→ EXERCISE BRIEF
Each line that includes "regarding" must be copied from the records.

(Captioned web images)
»»
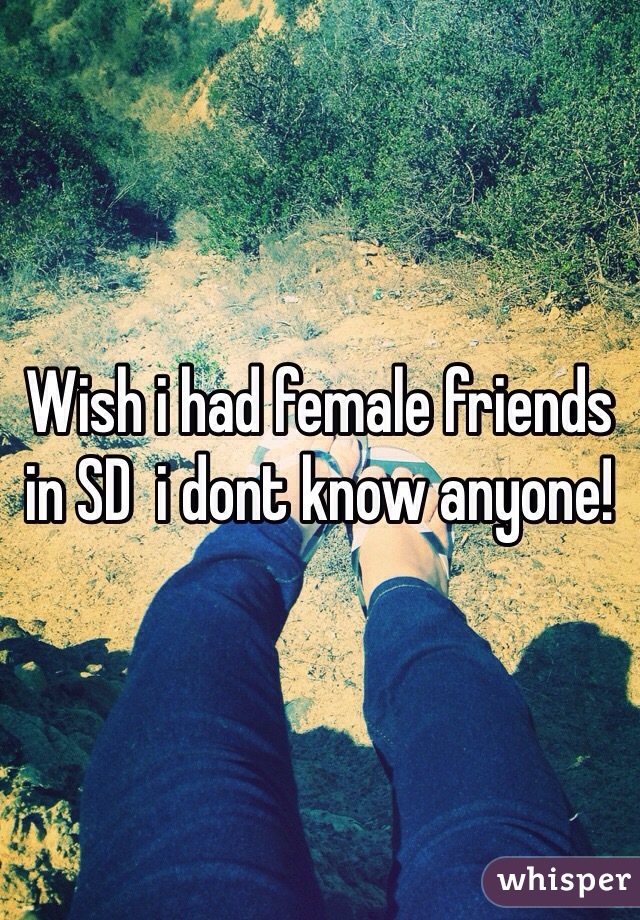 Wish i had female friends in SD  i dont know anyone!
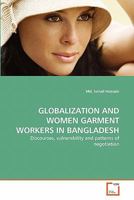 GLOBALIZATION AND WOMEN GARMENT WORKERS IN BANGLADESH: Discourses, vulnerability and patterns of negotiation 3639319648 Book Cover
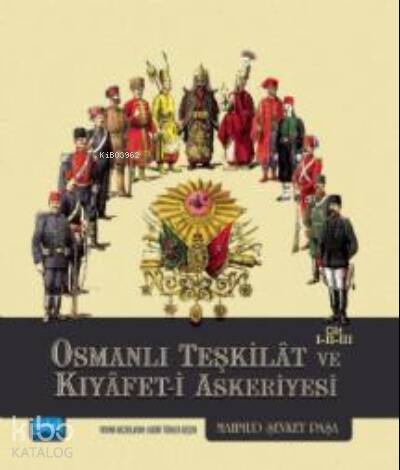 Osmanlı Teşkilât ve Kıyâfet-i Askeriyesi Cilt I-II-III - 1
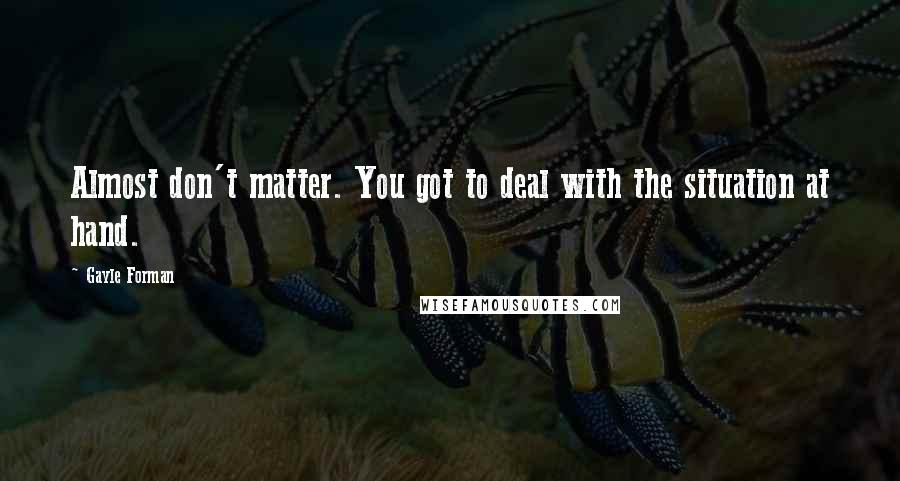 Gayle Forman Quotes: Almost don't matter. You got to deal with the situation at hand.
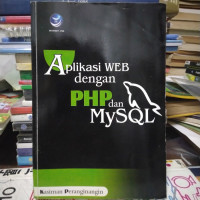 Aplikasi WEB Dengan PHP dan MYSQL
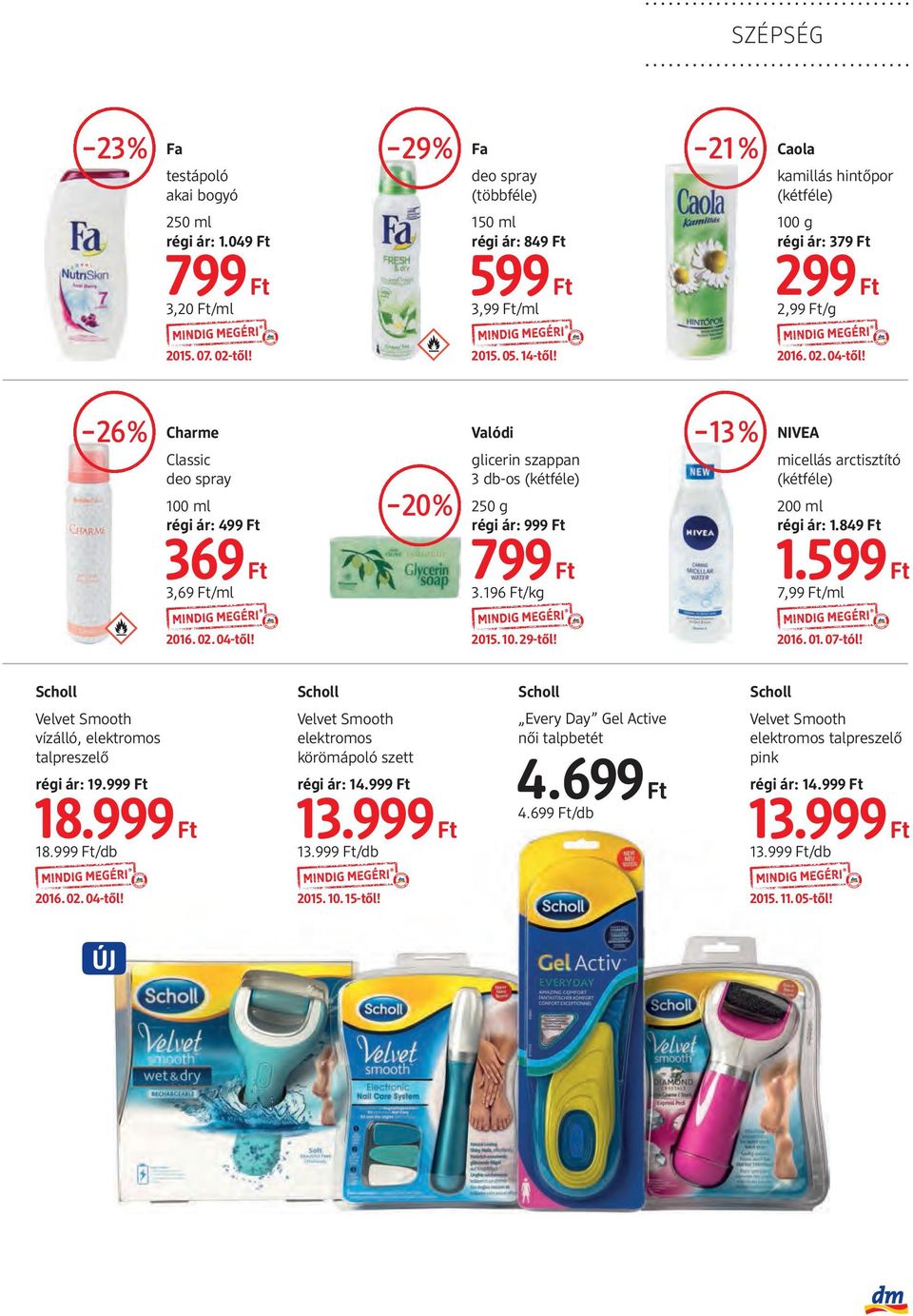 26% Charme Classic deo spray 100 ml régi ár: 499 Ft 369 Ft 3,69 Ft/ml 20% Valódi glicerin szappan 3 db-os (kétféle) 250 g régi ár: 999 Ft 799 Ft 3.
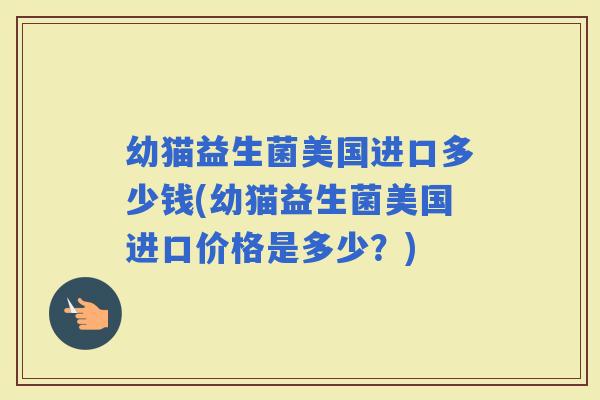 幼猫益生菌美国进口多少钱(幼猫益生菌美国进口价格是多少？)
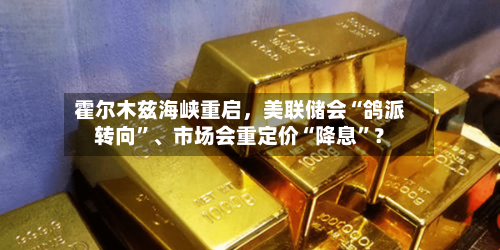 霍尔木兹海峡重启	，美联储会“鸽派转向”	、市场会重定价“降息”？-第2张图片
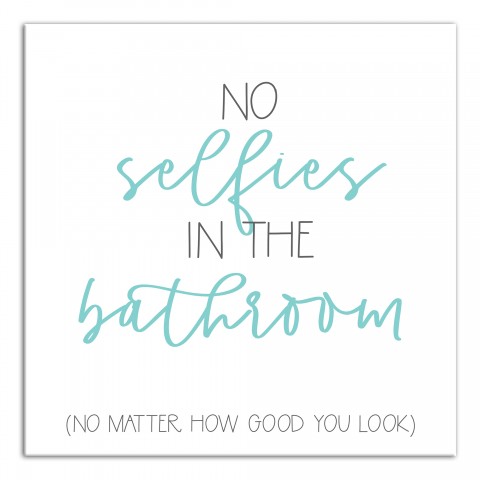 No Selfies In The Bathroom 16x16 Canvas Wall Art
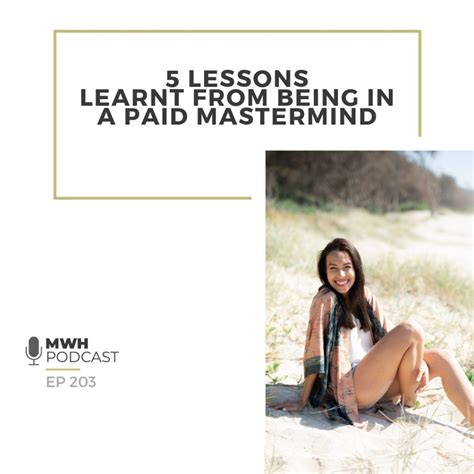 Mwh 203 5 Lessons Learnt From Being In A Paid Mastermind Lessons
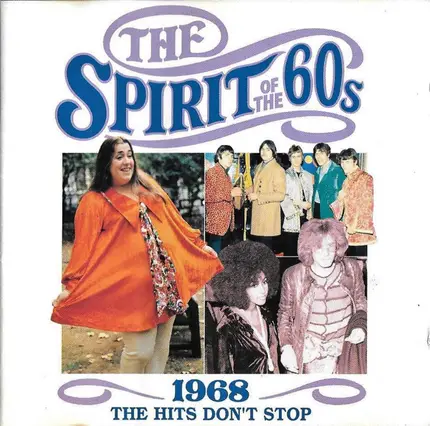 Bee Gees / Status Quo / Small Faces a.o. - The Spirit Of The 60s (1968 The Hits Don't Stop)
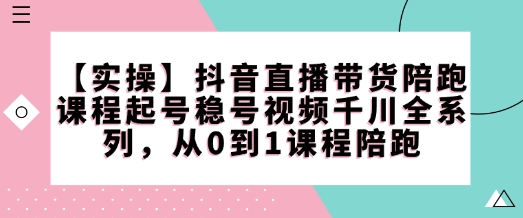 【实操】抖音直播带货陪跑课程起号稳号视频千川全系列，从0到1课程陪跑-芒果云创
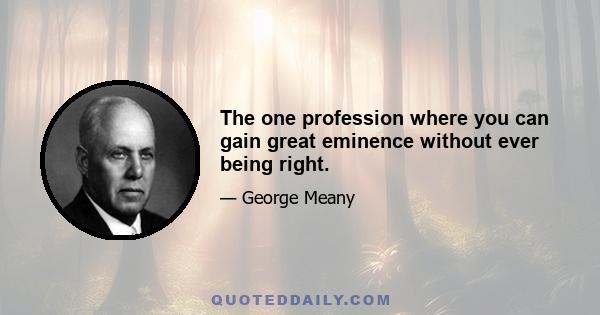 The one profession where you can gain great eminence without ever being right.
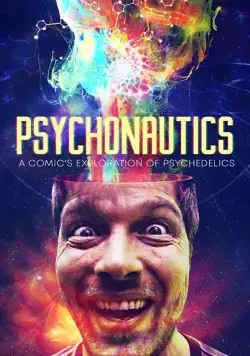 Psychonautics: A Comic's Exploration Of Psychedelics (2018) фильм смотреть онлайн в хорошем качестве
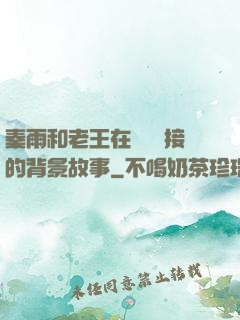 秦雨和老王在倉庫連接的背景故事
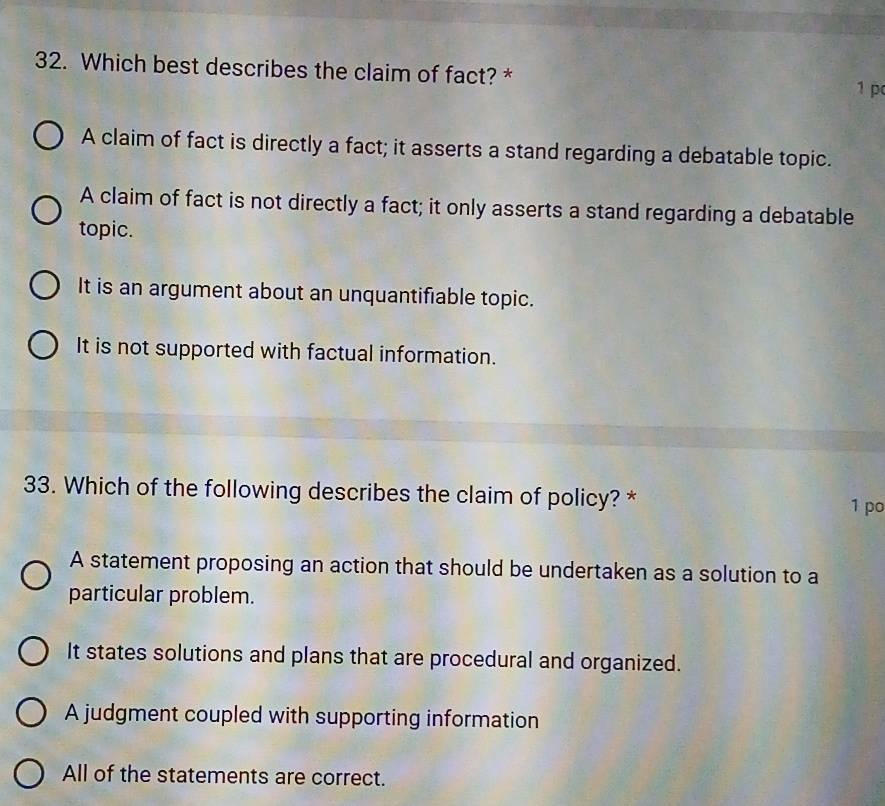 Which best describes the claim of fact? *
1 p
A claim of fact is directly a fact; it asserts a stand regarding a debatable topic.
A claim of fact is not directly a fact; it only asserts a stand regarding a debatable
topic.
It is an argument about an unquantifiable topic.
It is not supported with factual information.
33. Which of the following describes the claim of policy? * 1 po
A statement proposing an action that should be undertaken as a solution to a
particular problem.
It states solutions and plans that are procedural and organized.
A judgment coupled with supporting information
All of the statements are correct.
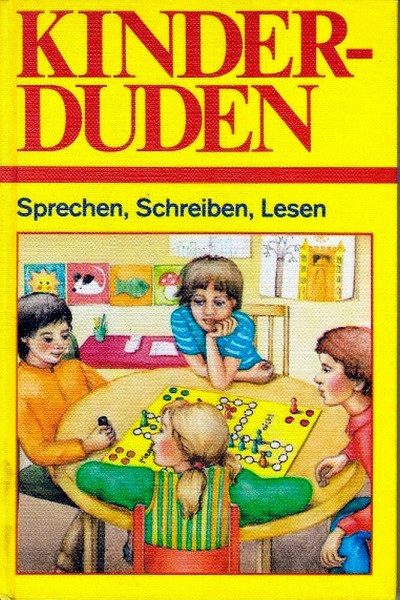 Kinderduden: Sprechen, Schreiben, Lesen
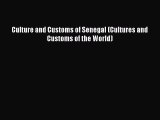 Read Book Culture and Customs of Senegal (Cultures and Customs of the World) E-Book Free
««
→ ANSWER FOR THIS EXERCISE
A claim of fact is directly a fact; it asserts a stand regarding a debatable topic.
A claim of fact is not directly a fact; it only asserts a stand regarding a debatable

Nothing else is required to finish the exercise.